Friday, July 23, 2010

Daniel Schorr (1916 – 2010)


Daniel Louis Schorr (August 31, 1916 – July 23, 2010)

To say that no one will be able to fill Daniel Louis Schorr's place; that today's journalists are, by comparison, people with poor cognitive and analytical abilities, brightly capped teeth, and will blow goats for (a ridiculously low sum of) money... Well, it sounds as if I'm one of those guys -- you know; old, squinting, balding white hair, stooped over a walker; yelling at the neighborhood children: Get Off My Damn Lawn, Ya Goddam Kids!

I'm not. I do remember Schorr as the reporter for CBS News who had developed a strong reputation as an insightful and analytical truth-teller, if not one with a deeply ironic sense of humor. I vaugely remember CBS executives (according to Wikipedia) being angry after Schorr (incorrectly) reported in 1964 that the openly-professed Right-wing GOP nominee for President, Barry Goldwater, was going to "travel to Germany to join-up with the right-wing there," and visit "Hitler's one-time stomping ground" in Berchestgaden.

In 1971, after a dispute with White House aides H.R. Haldeman and John Erlichman, Schorr's friends, neighbors, and co-workers were questioned by the FBI (still run then by J.Edgar Hoover) in a full-scale background investigation.
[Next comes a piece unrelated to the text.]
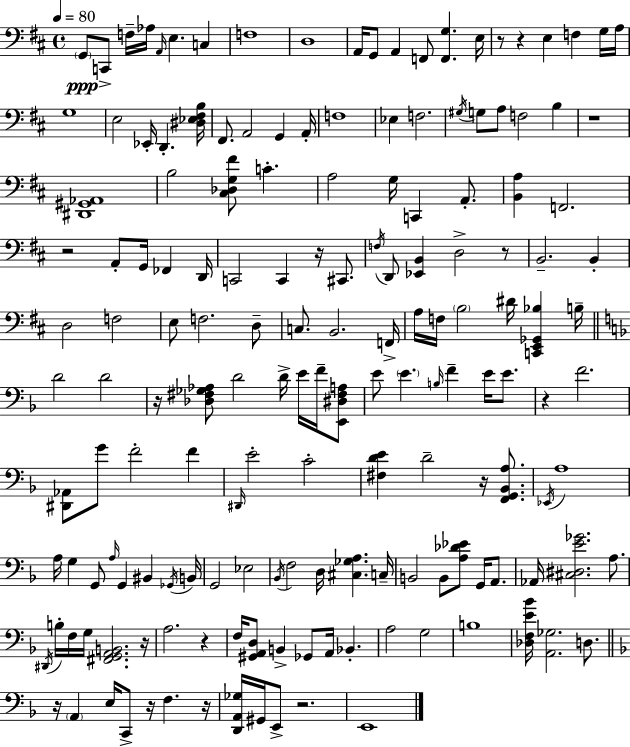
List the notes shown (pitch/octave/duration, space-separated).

G2/e C2/e F3/s Ab3/s A2/s E3/q. C3/q F3/w D3/w A2/s G2/e A2/q F2/e [F2,G3]/q. E3/s R/e R/q E3/q F3/q G3/s A3/s G3/w E3/h Eb2/s D2/q. [D#3,Eb3,F#3,B3]/s F#2/e. A2/h G2/q A2/s F3/w Eb3/q F3/h. G#3/s G3/e A3/e F3/h B3/q R/w [D#2,G#2,Ab2]/w B3/h [C#3,Db3,G3,F#4]/e C4/q. A3/h G3/s C2/q A2/e. [B2,A3]/q F2/h. R/h A2/e G2/s FES2/q D2/s C2/h C2/q R/s C#2/e. F3/s D2/e [Eb2,B2]/q D3/h R/e B2/h. B2/q D3/h F3/h E3/e F3/h. D3/e C3/e. B2/h. F2/s A3/s F3/s B3/h D#4/s [C2,E2,Gb2,Bb3]/q B3/s D4/h D4/h R/s [Db3,F#3,Gb3,Ab3]/e D4/h D4/s E4/s F4/s [E2,D#3,F#3,A3]/e E4/e E4/q. B3/s F4/q E4/s E4/e. R/q F4/h. [D#2,Ab2]/e G4/e F4/h F4/q D#2/s E4/h C4/h [F#3,D4,E4]/q D4/h R/s [F2,G2,Bb2,A3]/e. Eb2/s A3/w A3/s G3/q G2/e A3/s G2/q BIS2/q Gb2/s B2/s G2/h Eb3/h Bb2/s F3/h D3/s [C#3,Gb3,A3]/q. C3/s B2/h B2/e [A3,Db4,Eb4]/e G2/s A2/e. Ab2/s [C#3,D#3,E4,Gb4]/h. A3/e. D#2/s B3/s F3/s G3/s [F#2,G2,A2,B2]/h. R/s A3/h. R/q F3/s [G#2,A2,D3]/e B2/q Gb2/e A2/s Bb2/q. A3/h G3/h B3/w [Db3,F3,E4,Bb4]/s [A2,Gb3]/h. D3/e. R/s A2/q E3/s C2/e R/s F3/q. R/s [D2,A2,Gb3]/s G#2/s E2/e R/h. E2/w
The cover story was that Schorr was under consideration for a high-level government position, which was a lie. During the Watergate hearings, Schorr read Nixon's "Enemies List" list aloud on live TV, and was surprised to find his own name on it. Schorr won Emmys for news reporting in 1972, 1973, and 1974.

However, in 1976 Schorr provoked controversy within CBS when he received and made public the contents of the secret Pike Committee report on illegal CIA and FBI activities during the 1960's and 1970's -- which included illegal spying on American citizens, 'black-bag' jobs and intimidation; and the CIA's infamous Phoenix Program of targeted assassination in Southeast Asia.

Called to testify before Congress, Schorr refused to identify his source on First Amendment grounds, risking imprisonment. While he did not go to jail, executives at CBS wanted him gone -- and Schorr ultimately resigned at age sixty in September of 1976.

In 1979, Ted Turner's cable news CNN, a brand-new concept in American media, hired its first on-camera employee -- Daniel Schorr, who reported news and delivered commentary and news analysis. His contract was not renewed in 1985, one of the two times he stated he had been fired (the other being at CBS in 1976). After that, Schorr moved to National Public Radio as its Senior News Analyst, a position he held for almost twenty-five years until he died today.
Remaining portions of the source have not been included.